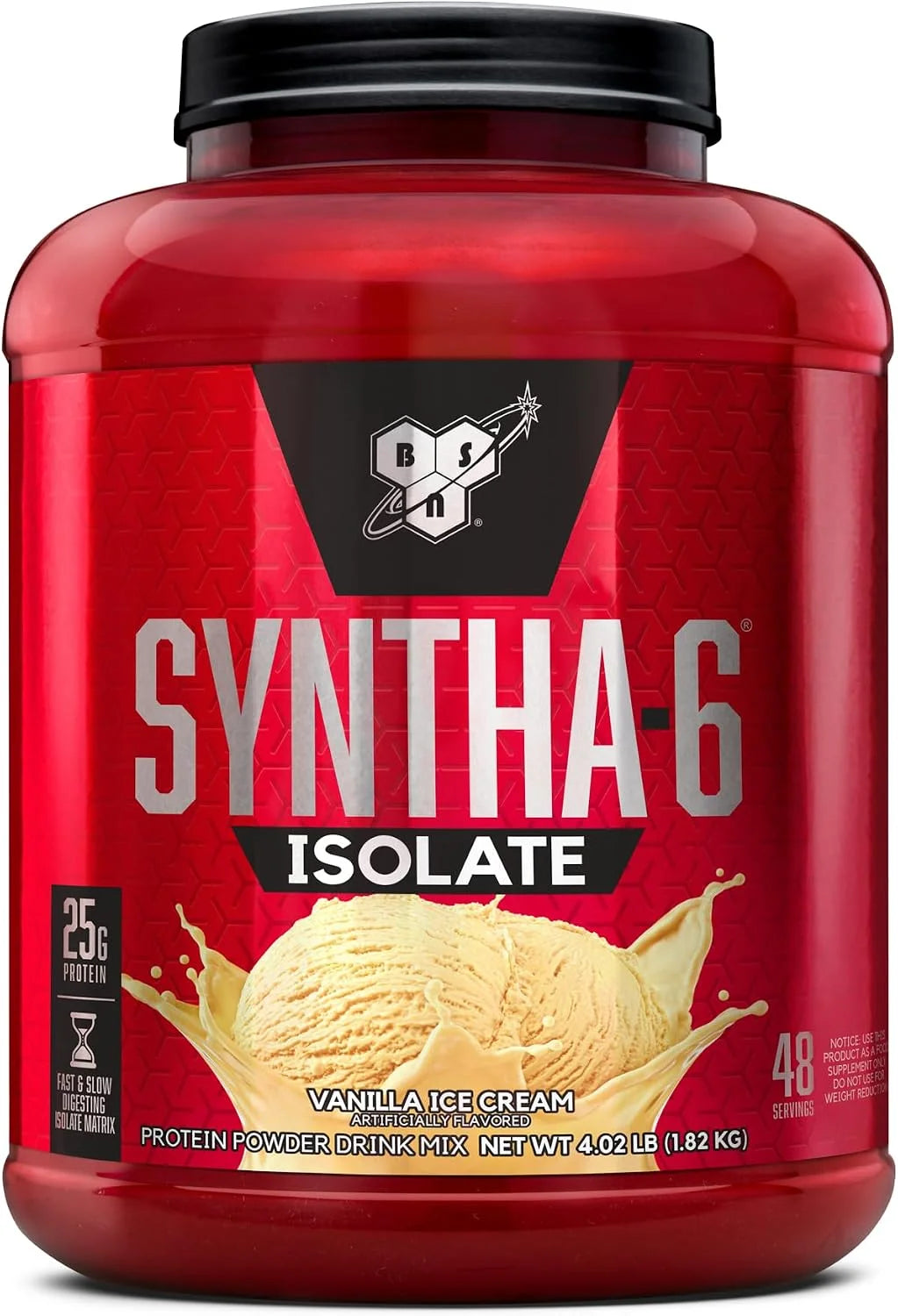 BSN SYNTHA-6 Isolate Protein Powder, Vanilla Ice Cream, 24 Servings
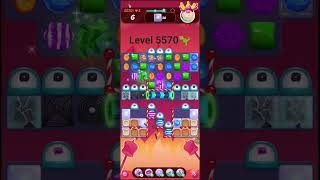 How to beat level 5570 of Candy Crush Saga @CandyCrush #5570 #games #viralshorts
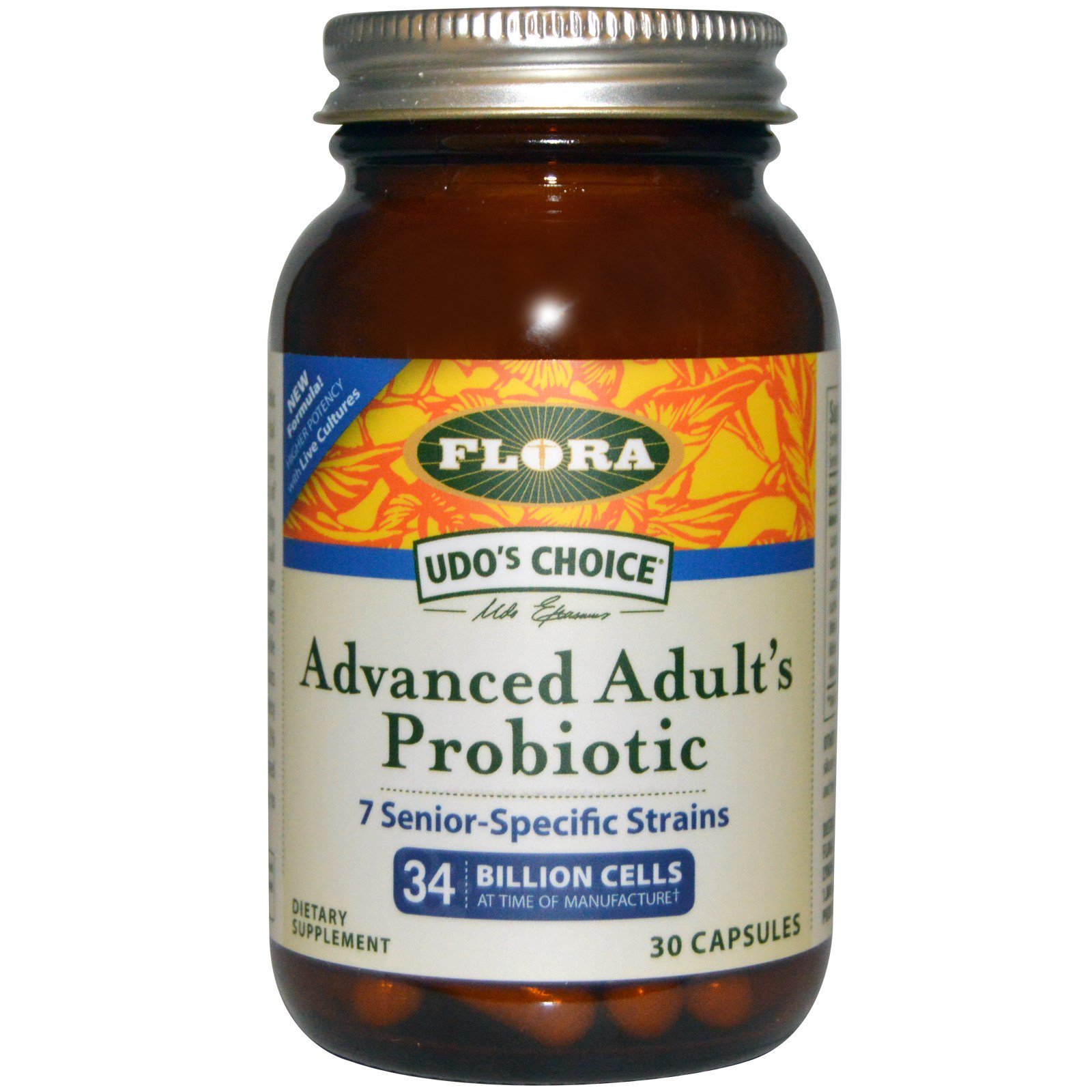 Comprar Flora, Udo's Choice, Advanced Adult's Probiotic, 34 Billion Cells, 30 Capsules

◆ What the task requires
Take the data above and repeat it exactly, leaving each picture out.

◆ Solution to the exercise
 BSN SYNTHA-6 Isolate Protein Powder, Vanilla Ice Cream, 24 Servings
 How to beat level 5570 of Candy Crush Saga @CandyCrush #5570 #games #viralshorts
 Comprar Flora, Udo's Choice, Advanced Adult's Probiotic, 34 Billion Cells, 30 Capsules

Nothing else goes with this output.